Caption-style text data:
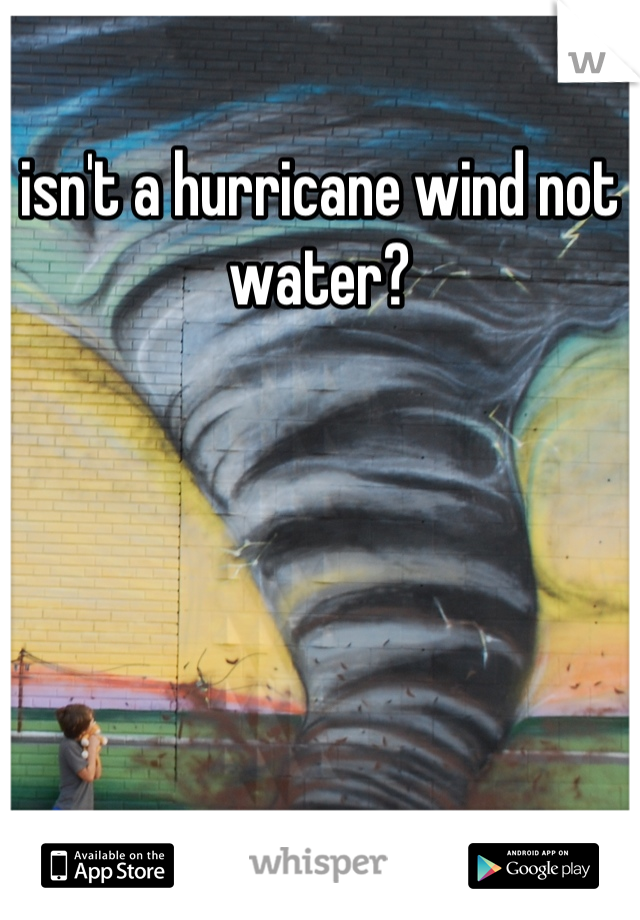isn't a hurricane wind not water?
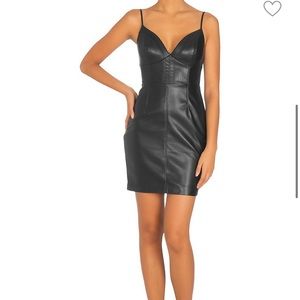 Guess leather bodycon dress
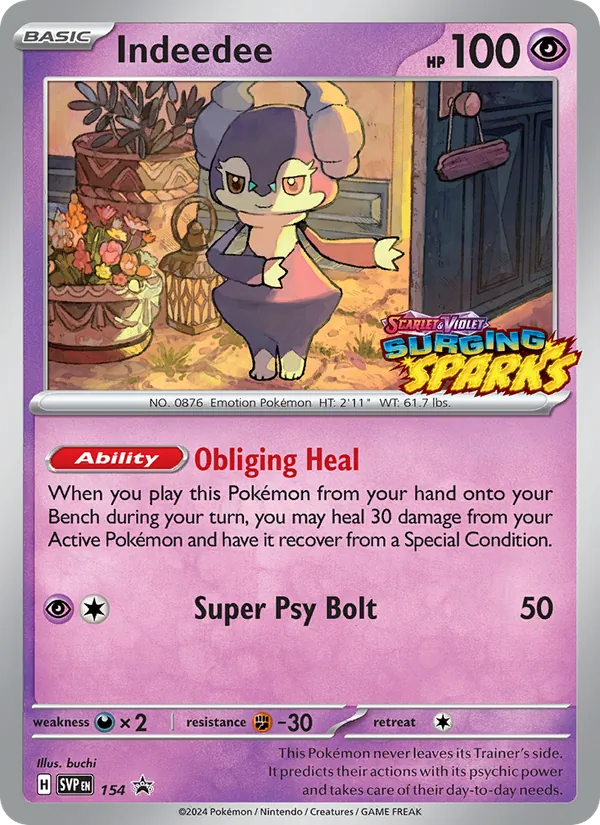 Indeedee — SVP Black Star Promos #154 (Pokémon TCG card)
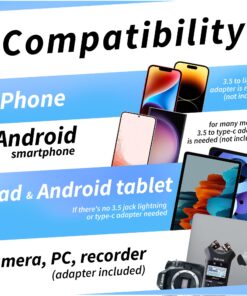 YouMic - Small Lavalier Microphone with Clip - Lav Lapel Mic for Camera Phone iPhone iOS Android PC Laptop Video Recording - Noise Cancelling 3.5mm Jack 29 71NluUjT9bL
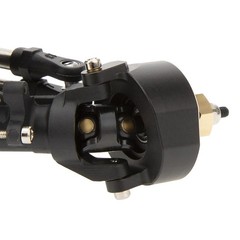 MEUS RACING Nylon SCX24 Axles with Isokinetic 3-Section Front and Rear, Black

### Task description:
What the answer needs is every line from the one containing "Indeedee — SVP" through the final line of the data above, copied exactly, without pictures.

### Task answer:
 Indeedee — SVP Black Star Promos #154 (Pokémon TCG card)
 YouMic - Small Lavalier Microphone with Clip - Lav Lapel Mic for Camera Phone iPhone iOS Android PC Laptop Video Recording - Noise Cancelling 3.5mm Jack 29 71NluUjT9bL
 MEUS RACING Nylon SCX24 Axles with Isokinetic 3-Section Front and Rear, Black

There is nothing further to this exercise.